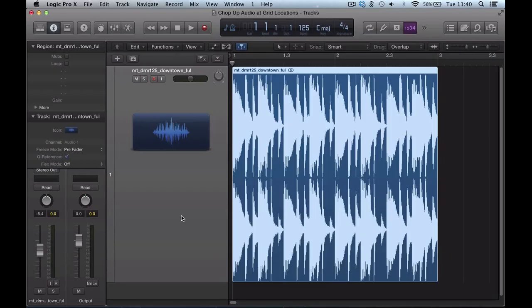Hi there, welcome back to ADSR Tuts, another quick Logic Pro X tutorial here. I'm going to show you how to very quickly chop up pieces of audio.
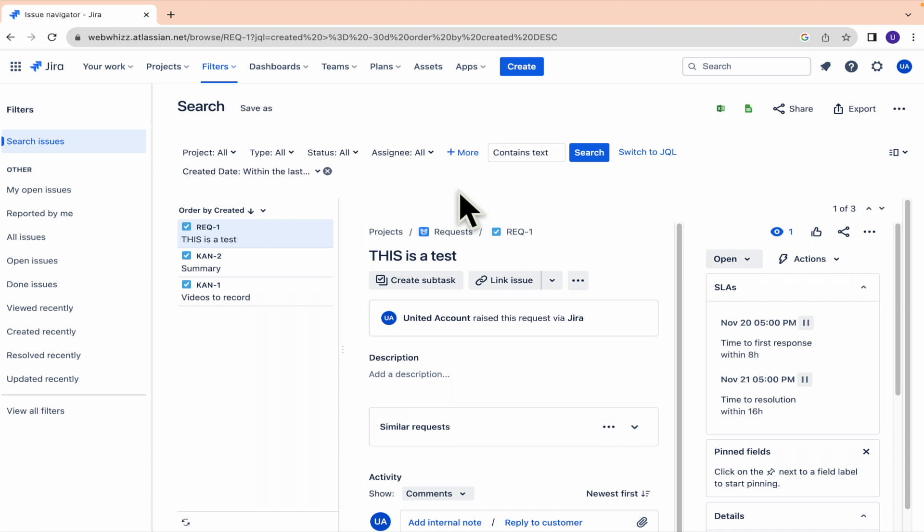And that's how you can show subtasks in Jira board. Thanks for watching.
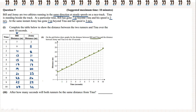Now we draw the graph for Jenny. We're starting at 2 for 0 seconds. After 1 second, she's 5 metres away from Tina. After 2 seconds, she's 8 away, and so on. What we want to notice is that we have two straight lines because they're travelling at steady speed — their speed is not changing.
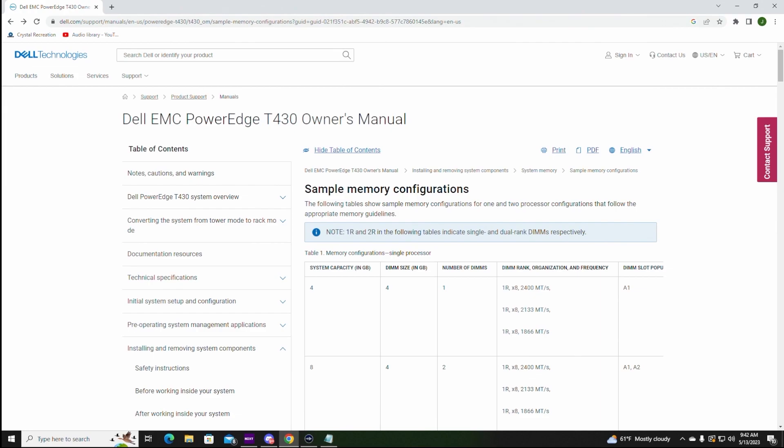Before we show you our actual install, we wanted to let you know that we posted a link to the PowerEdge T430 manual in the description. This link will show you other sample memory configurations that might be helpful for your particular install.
--- --- ---
| TASK DIRECTIONS |
Retype the data exactly as it stands, but keep the images out of your copy.

| EXERCISE SOLUTION |
Hi there, welcome back to ADSR Tuts, another quick Logic Pro X tutorial here. I'm going to show you how to very quickly chop up pieces of audio.
And that's how you can show subtasks in Jira board. Thanks for watching.
Now we draw the graph for Jenny. We're starting at 2 for 0 seconds. After 1 second, she's 5 metres away from Tina. After 2 seconds, she's 8 away, and so on. What we want to notice is that we have two straight lines because they're travelling at steady speed — their speed is not changing.
Before we show you our actual install, we wanted to let you know that we posted a link to the PowerEdge T430 manual in the description. This link will show you other sample memory configurations that might be helpful for your particular install.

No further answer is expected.